In step S102, the control unit 110 rotates the alignment motor 190 and returns to step S102. Accordingly, if the corner portions 60, 61, 62, and 63 are not protruding from the loading surface 2C of the loading platform 2, the control unit 110 stops the alignment motor 190 and moves to step S103.

In step S103, the control unit 110 determines whether or not the sheet material detection sensor 20 has detected a sheet material 13 a (sheet bundle 13). When the user sets the sheet bundle 13 (sheet materials 13 a) on the loading platform 2, the sheet material detection sensor 20 detects the sheet bundle 13 and the sheet bundle detection signal is input to the control unit 110. When the sheet bundle 13 is detected, the processing moves to step S104. Note that in parallel with this, the control unit 110 counts the encoder pulses from the encoder sensor unit 170 and acquires the rotation amount or opening amount of the pressure plate 3, or in other words, acquires information regarding the pressing position of the pressure plate 3.

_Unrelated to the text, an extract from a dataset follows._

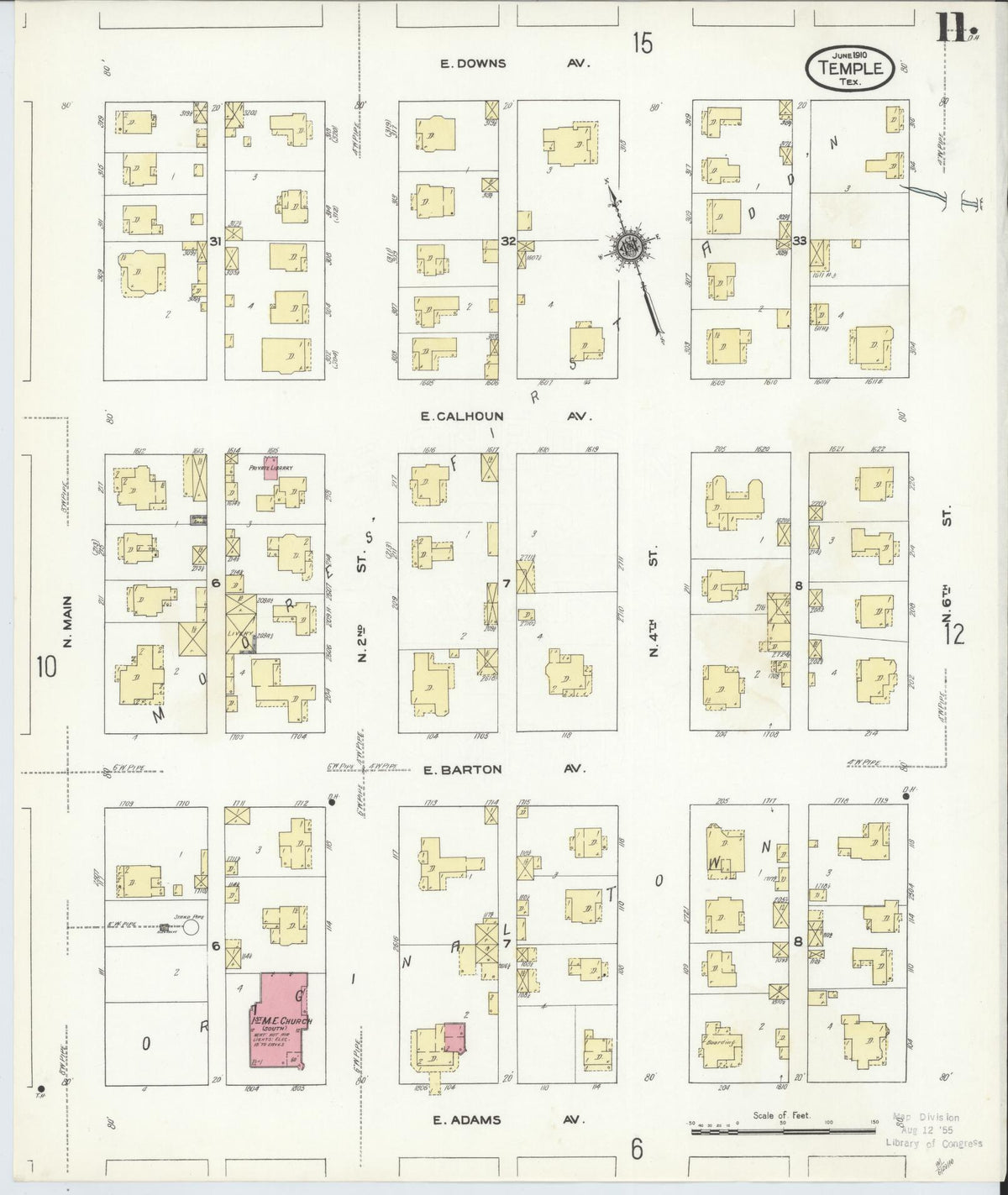 Sanborn Fire Insurance Map from Temple, Bell County, Texas (1910), Sheet #0011 - Complete Map Set gallery image, historic Sanborn map, vintage wall art, Texas Texas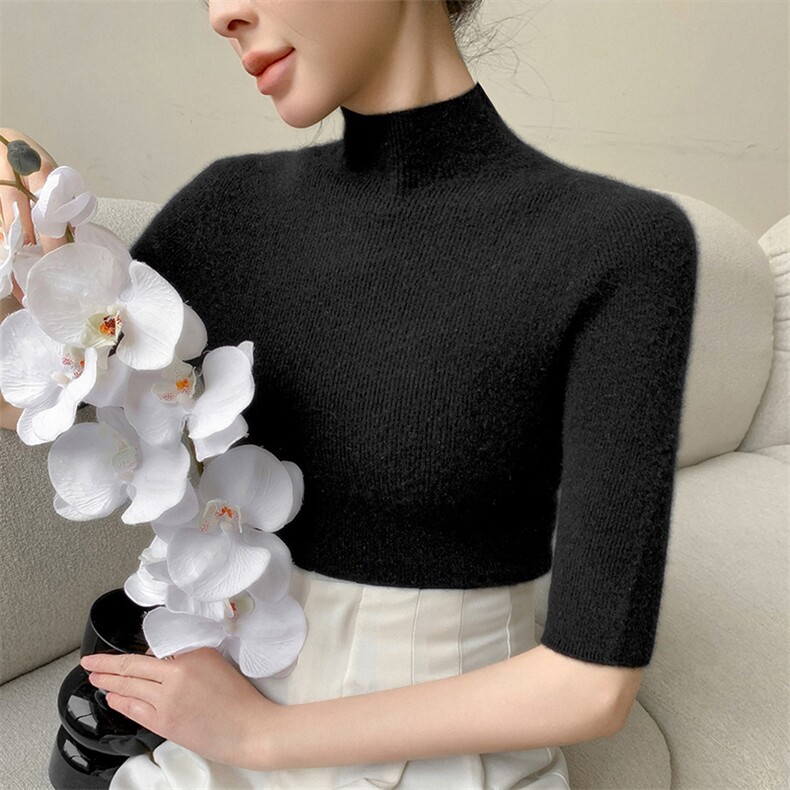 2024年秋冬季新款女时尚百搭显瘦修身长袖羊毛针织衫,女装羊毛衫,暖圣羊羊绒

In step S104, the control unit 110 obtains the bundle amount of the sheet bundle 13 from the rotation amount of the pressure plate 3. It is assumed that the control unit 110 includes a function or a table for converting the rotation amount of the pressure plate 3 into the bundle amount of the sheet bundle 13 in advance. It is thought that the rotation amount of the pressure plate 3 is proportionate to the bundle amount of the sheet bundle 13. In this way, the encoder sensor unit 170 and the control unit 110 function as detecting unit configured to detect an amount of a sheet bundle loaded on the loading platform.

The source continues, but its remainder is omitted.